What made it was so easy for me to land jobs when I was 19 was because I only had to compete with the thousands of people who surrounded me locally. Even with those odds I still had more chances of standing out and landing a position. Those days are long gone since aspiring filmmakers now are no longer just competing with the thousands of other aspiring filmmakers around Los Angeles; they’re competing with the entire world.
My college students have an extremely difficult time breaking into the business. The odds are definitely against them since literally millions of people move to Los Angeles from all over the world every year with the same exact dream. And they can work for cheaper. To make matters even worse, so many productions have gone to Canada in order to save costs. It seems like you have more chances of getting into this industry if you were in Edmonton, Canada than if you were in sunny California.
Even the ancillary markets are plagued with this same concept of global competition. Say you have all of your computer software certificates and want to use being a production IT as your way in. Sorry, buddy, but there are factories full of techies in India who can do the same job as you for way cheaper. Say you’re an amazing illustrator and want to get in as an animator. Nope, Koreans got you there too.
The world has changed. You’re no longer going against just your friends and peers but everyone on the planet that has ever dared to dream the same dream. I see the frustration in my students’ faces and I really empathize with them. Fortunately for me, I already did the groundwork before the world became like this so now I can rely on my connections to support me and provide a steady stream of work. My students aren’t as lucky since they’re coming of age during the time of global economization, but I believe they shouldn’t give up.
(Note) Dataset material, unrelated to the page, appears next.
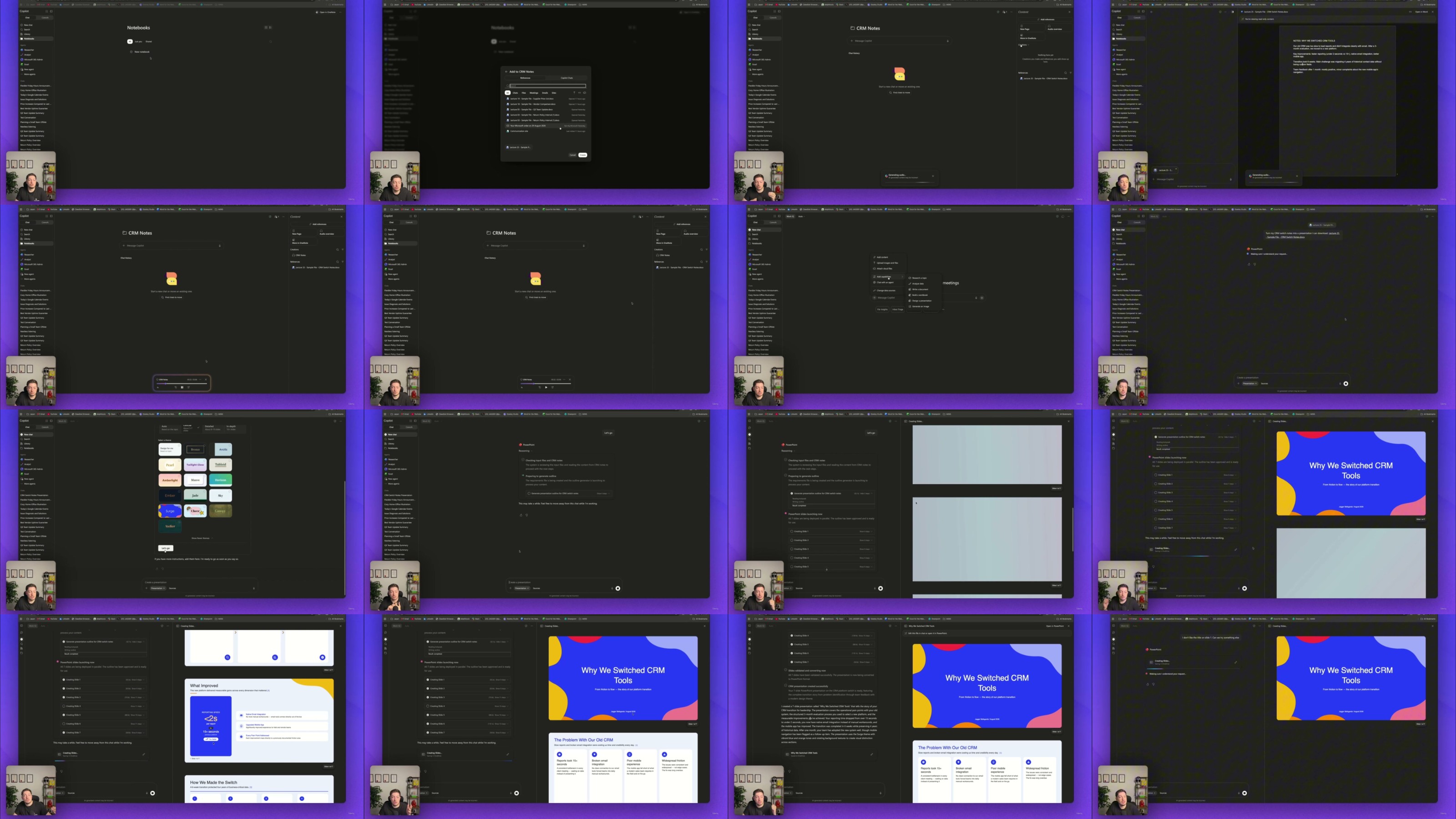 yxusj-20-Turn-a-Chat-Into-a-Deliverable.jpg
Their challenge lies in how they’re going to find ways to make themselves shine to employers. They have to be innovative and create ways so employers warrant hiring them at their higher American wages. If anything, being up against the world is a good thing because it raises the bar on competition and makes current job seekers more resourceful than ever before. If the current generation is up to facing this task, then maybe we will see a future filled with undying determination and aspirations that will be reflected in their work on the screen.